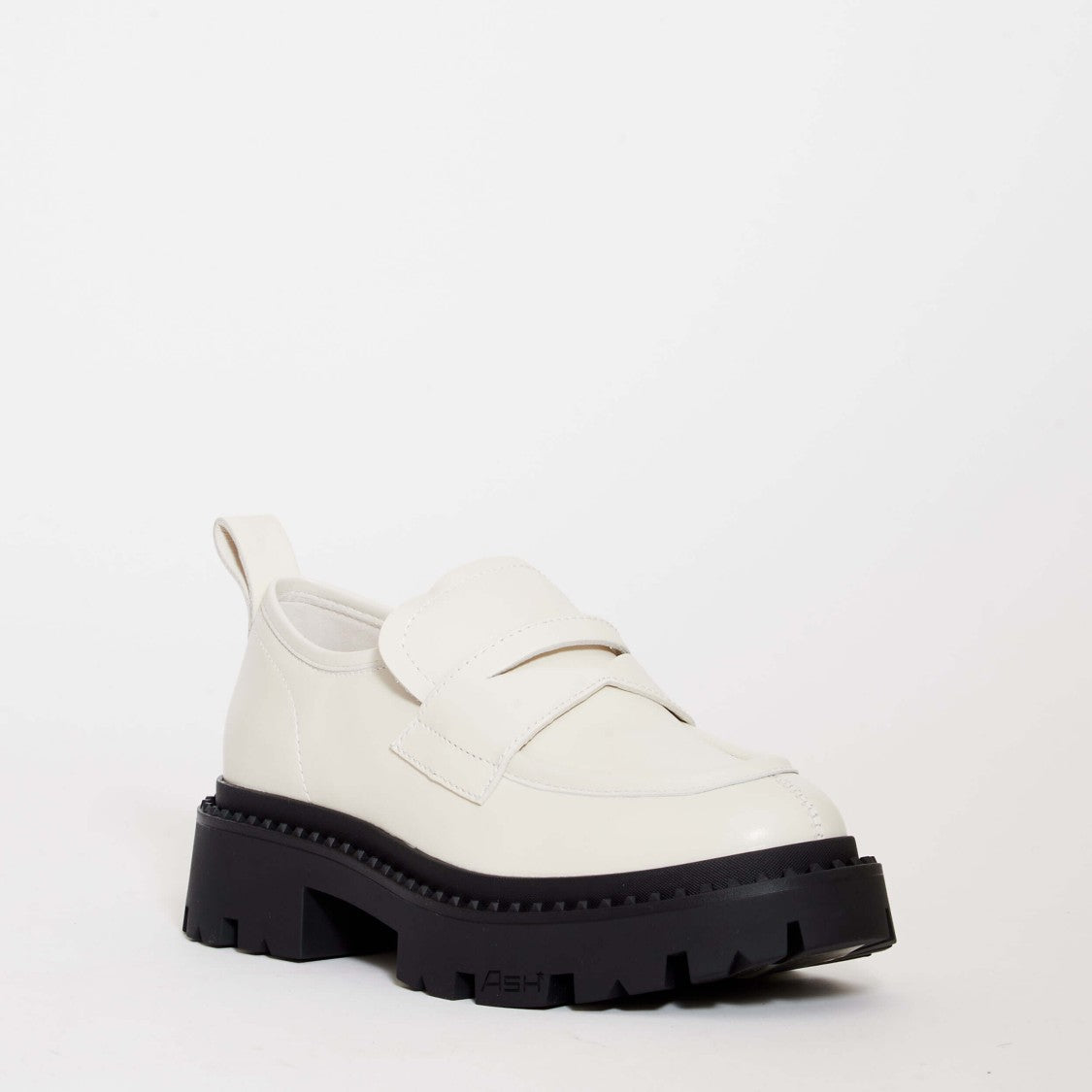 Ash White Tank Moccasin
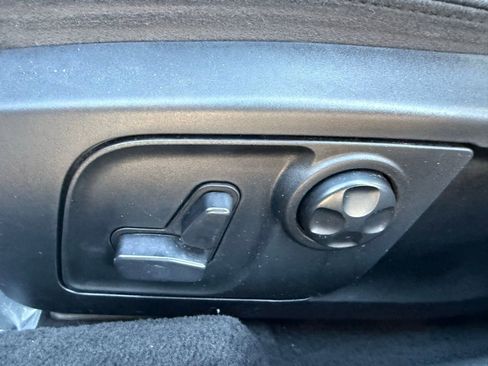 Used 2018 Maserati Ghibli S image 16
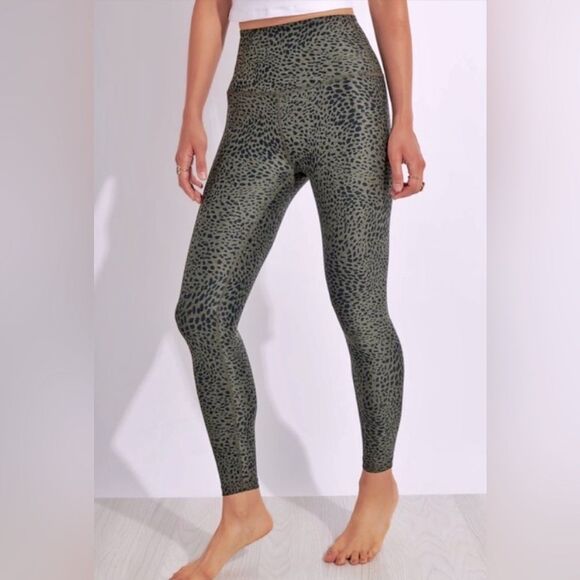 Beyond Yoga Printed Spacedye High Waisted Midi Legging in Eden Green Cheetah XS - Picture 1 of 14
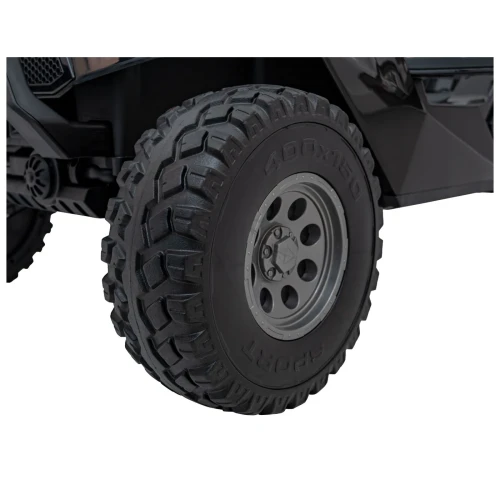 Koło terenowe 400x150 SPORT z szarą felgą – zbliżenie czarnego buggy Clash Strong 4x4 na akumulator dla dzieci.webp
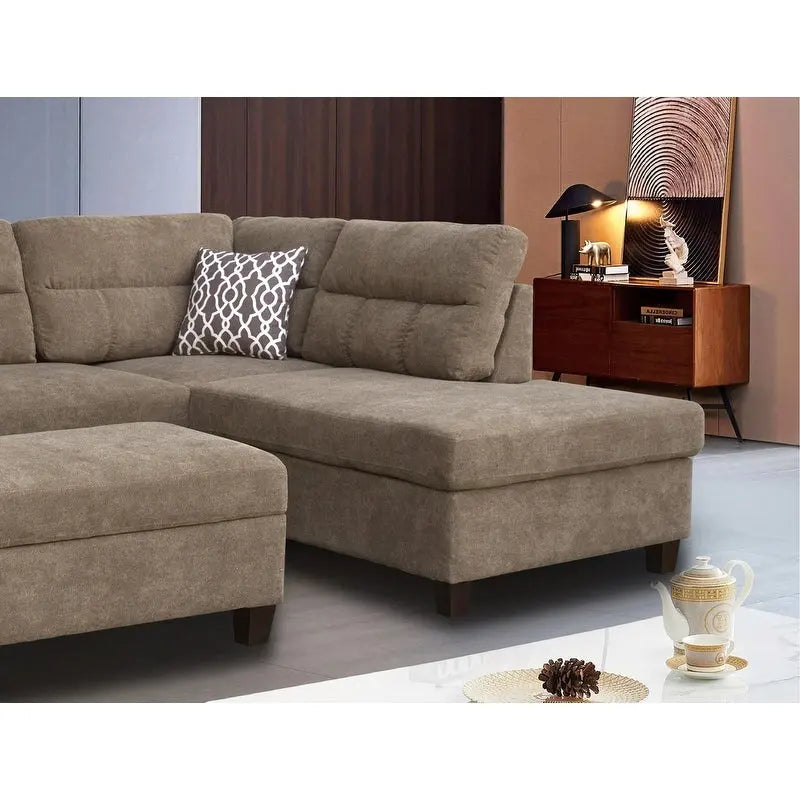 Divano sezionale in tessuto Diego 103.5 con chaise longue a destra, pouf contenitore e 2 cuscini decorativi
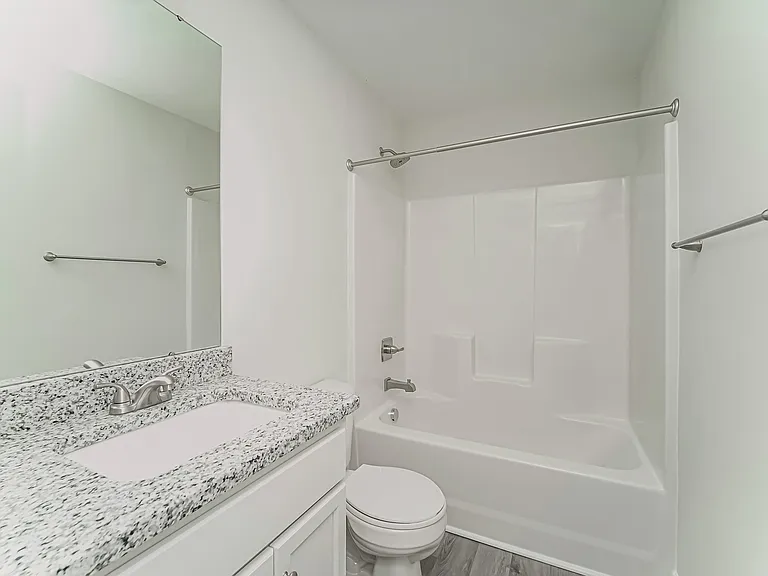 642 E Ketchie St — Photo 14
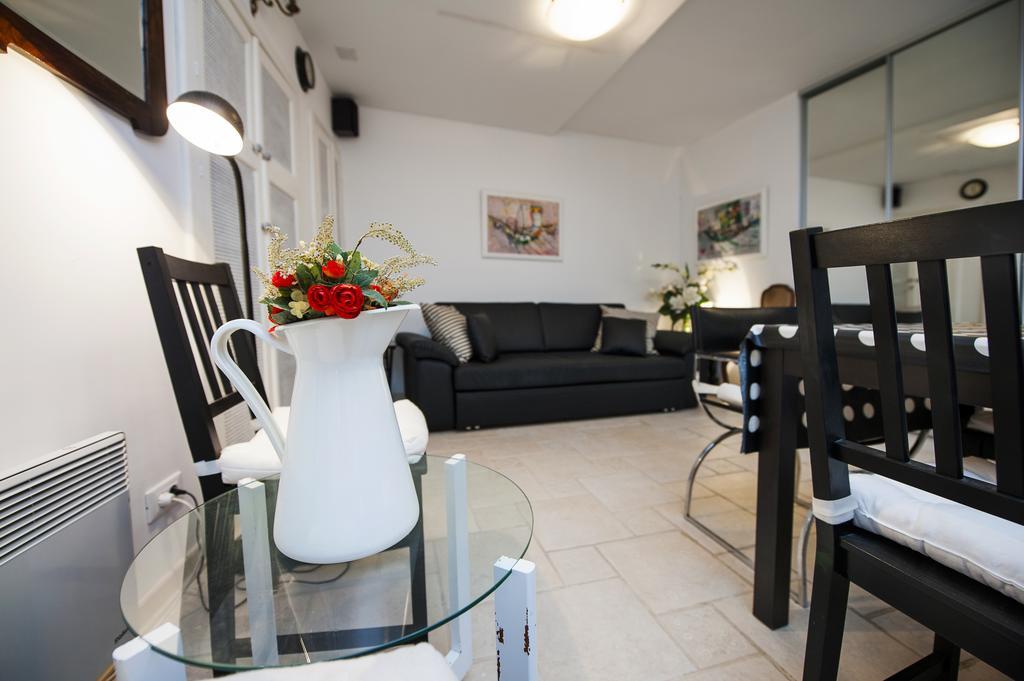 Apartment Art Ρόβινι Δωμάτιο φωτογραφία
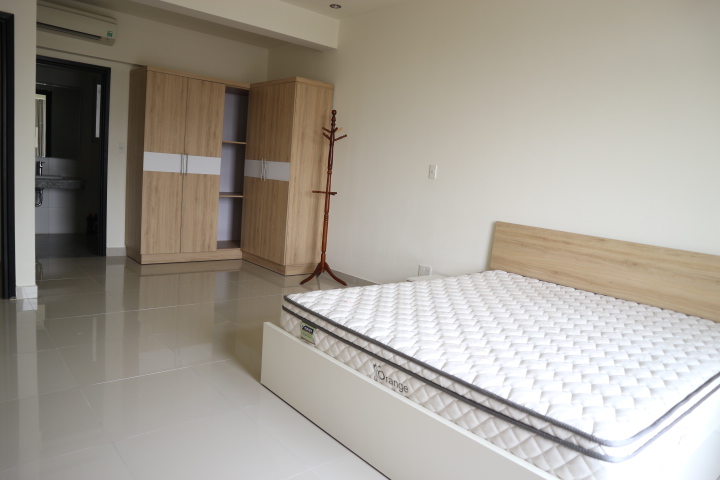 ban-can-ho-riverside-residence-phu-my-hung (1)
^^^^^^^^
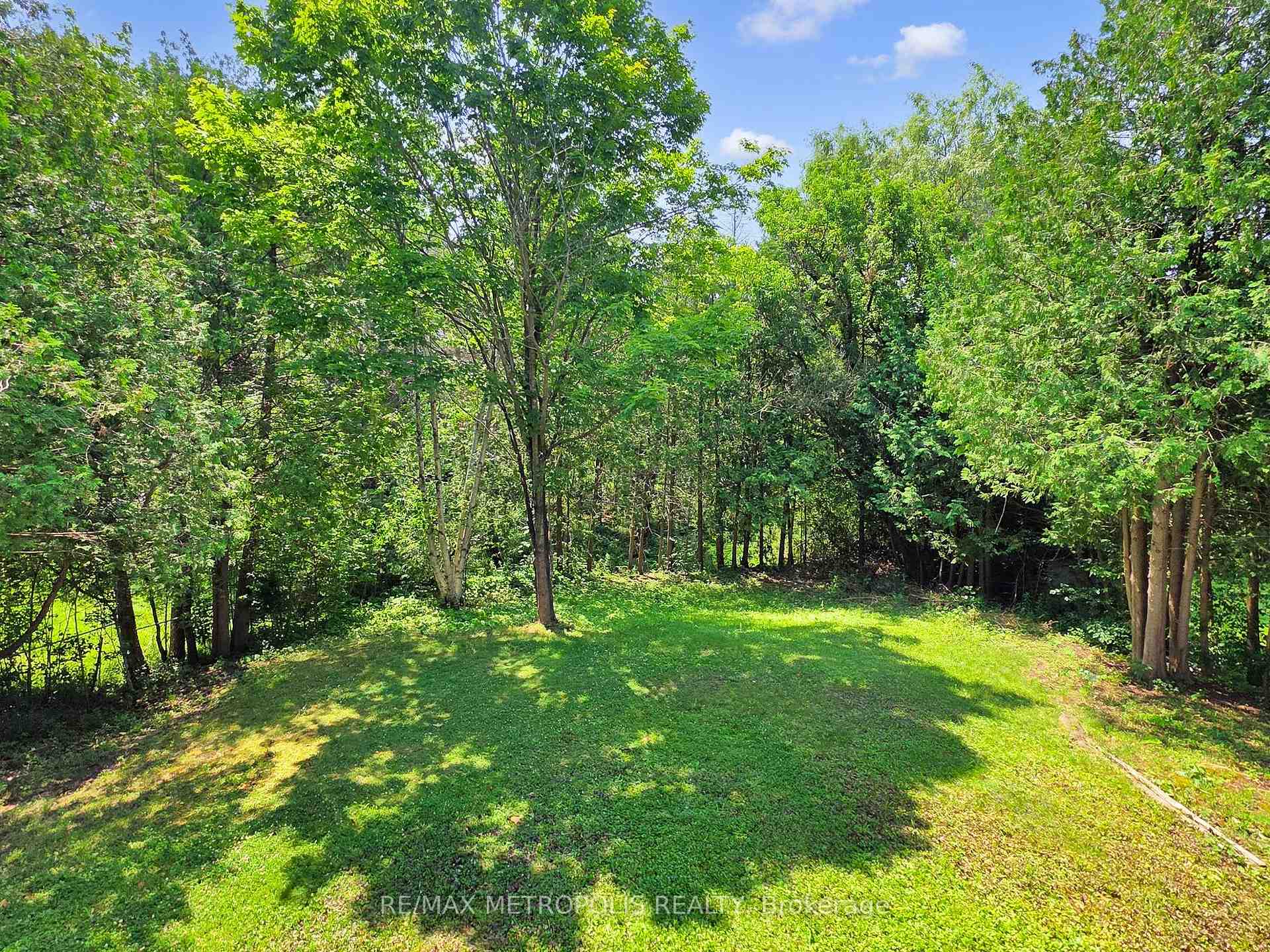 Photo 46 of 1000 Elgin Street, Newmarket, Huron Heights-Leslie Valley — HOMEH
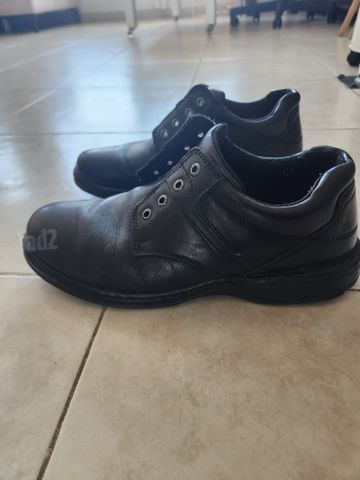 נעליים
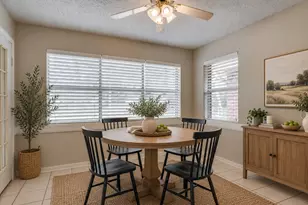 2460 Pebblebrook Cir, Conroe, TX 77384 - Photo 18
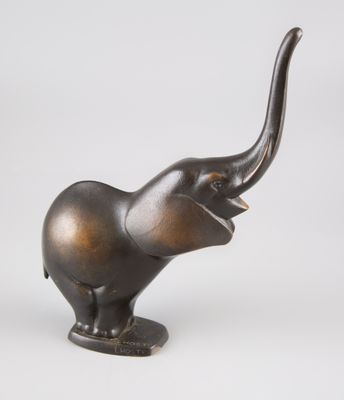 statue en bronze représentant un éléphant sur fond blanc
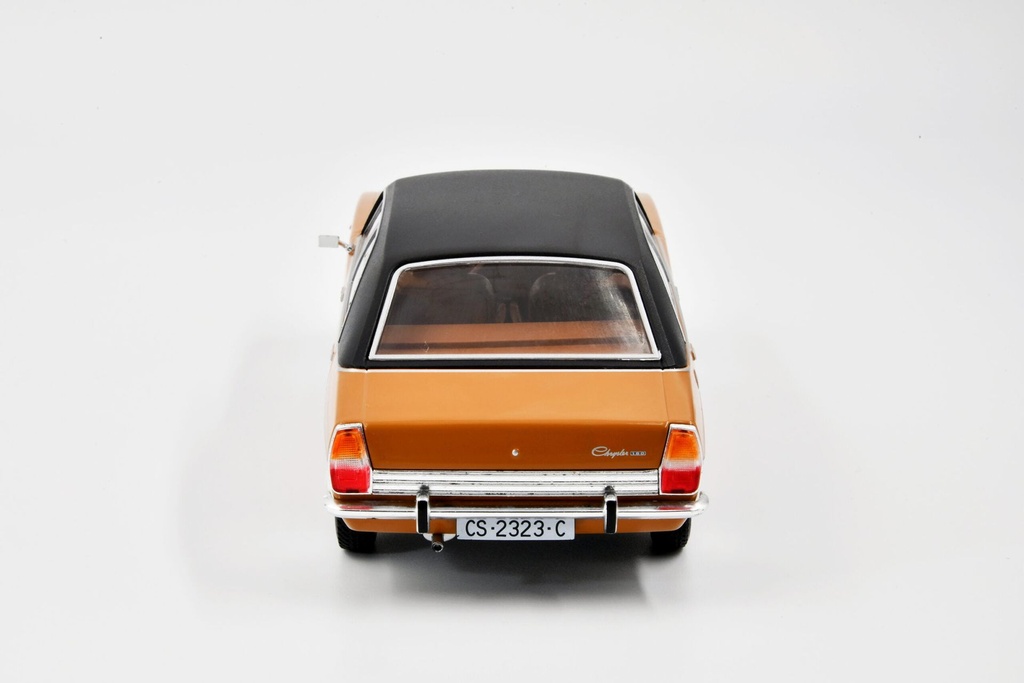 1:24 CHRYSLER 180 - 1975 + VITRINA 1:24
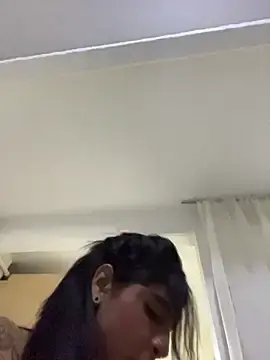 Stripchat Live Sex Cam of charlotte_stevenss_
^^^^^^^^
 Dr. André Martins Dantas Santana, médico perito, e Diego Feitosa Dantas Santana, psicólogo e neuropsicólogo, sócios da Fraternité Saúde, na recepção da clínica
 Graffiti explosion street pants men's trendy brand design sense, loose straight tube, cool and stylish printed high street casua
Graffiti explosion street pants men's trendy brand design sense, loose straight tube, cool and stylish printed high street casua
^^^^^^^^
What is expected: Which lines hold the string "tube"? Copy all of them from the data above.

Written answer:
 Graffiti explosion street pants men's trendy brand design sense, loose straight tube, cool and stylish printed high street casua
Graffiti explosion street pants men's trendy brand design sense, loose straight tube, cool and stylish printed high street casua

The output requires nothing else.